Hi, my name is Matthew Bailes and George was my boss.

It is a great honour to be asked to speak here today. Shortly after George passed away I was fortunate enough to be able to express my thoughts about George to his family and friends at George’s memorial service in Sydney, and there is no-one I’ve known in my professional life that I’ve respected and loved as much as George, so I’m grateful for this opportunity to speak in his memory.

A few weeks ago I was riding down my favourite mountain in the Dandenongs when my phone rang. I didn’t recognise the number, and a young man’s voice asked if I was Matthew Bailes who works with George Collins? He explained that he was Alexi Collins the son of George and that he had some bad news.

I feared what was to come.

He continued, George had had a heart attack and had passed away. I was in complete shock but also immediately desperate. Desperate to explain in the few brief moments that such a phone call can last how to explain to this young man how extraordinary his father really was? But I was contending with my own grief and guilt.

Had I done enough to protect George from George? Who was I, someone who’d only known George for just over two years, to protest my grief at his passing when this young man had just lost his father? What about Evelyn, his wife of 33 years? What right did I have to grieve when she’d just lost her husband?

I told Alexi that George was a great man but soon Alexi was gone. Had I blown it?

Did he know how much we loved his dad? He wasn’t like your boss, he was like your best mate! George was everywhere, George was kind, always smiling, seeking solutions to your problems, working late, asking about your weekend, helping people, patting you on the back.

Now once again I have just a few minutes to reiterate to the Swinburne community how awesome George was. About the impact he has had on my own life and the legacy he will leave behind.

Knowing George

I first met George in mid 2012 when he beat me for a job and became my boss. Instantly we hit it off. Like me he was a physicist, hated ties, had married the girl of his dreams at the same age, had done the mandatory European postdoc returning with a family and, most importantly, liked a good cup of coffee.

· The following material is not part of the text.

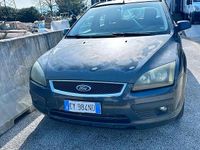 Usata Ford Focus 115 CV (84 kW) 2006 Grigio Station wagon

Unlike me, George had no ego. I had enough for both of us.

That night George sent me an email at 7.23pm. I responded at 10pm. Not to be outdone he sent me one back at 6.00am. Did this guy ever sleep? Since then George has sent me 829 emails, and due to some quirk in recently switching to Outlook, I’ve received them all again!

When I first met George and he told me that he’d ceased all of his own research I thought people would struggle to respect him, but clearly I had a lot to learn.

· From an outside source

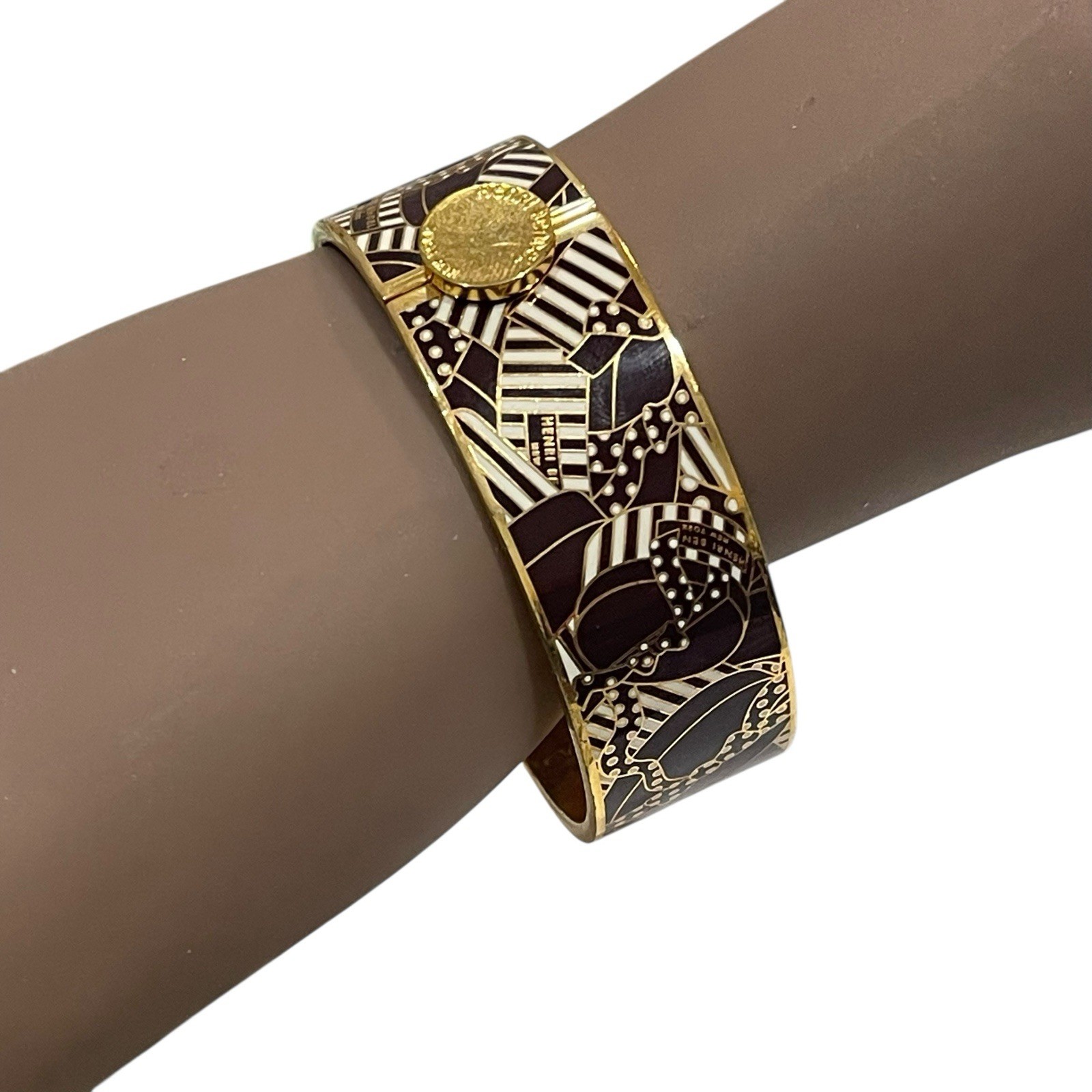 Henri Bendel Bangle Bracelet Gold Tone Brown Abstract Pattern Enamel Hinged Wide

George inspired a great sense of trust from everyone he dealt with, and although I usually say whatever I think to most people, with George I felt as though I could just bare my soul on any issue, because he inspired such an amazing sense of trust due to his honesty and integrity. We’d usually talk about how we could change or fix things, but also about our kids, politics and sometimes even our attitude to marriage.

As we got to know each other better I became more playful knowing he was on the senior management team and bound by the letter of university policy. I would tease him or try to shock him by letting slip that my next article in The Conversation was to be entitled “Schrodinger’s Koran”.

But could I trick him into breaking ranks on a university policy by making outrageous statements in direct contradiction of my online HR training module that I’d just completed in world record time? He’d often cry out: “You can’t say that!” But smile with a wonderful smirk and furrowed brow. Once, just once, I got him to say: “You can say it, I can only think it.” A victory!

When George first arrived our office was fragmented and wounded and reeling from resignations. George’s way of fixing it was just to be nice to everyone. I soon noticed that everything I did he said was great. I’d tell him, “you’re too nice”, but he’d insist he wasn’t. Could I ever get him to tell me off for anything?

Rather than fearing non-performance people were being rewarded with kindness and having faith placed in them as they stepped up to new roles.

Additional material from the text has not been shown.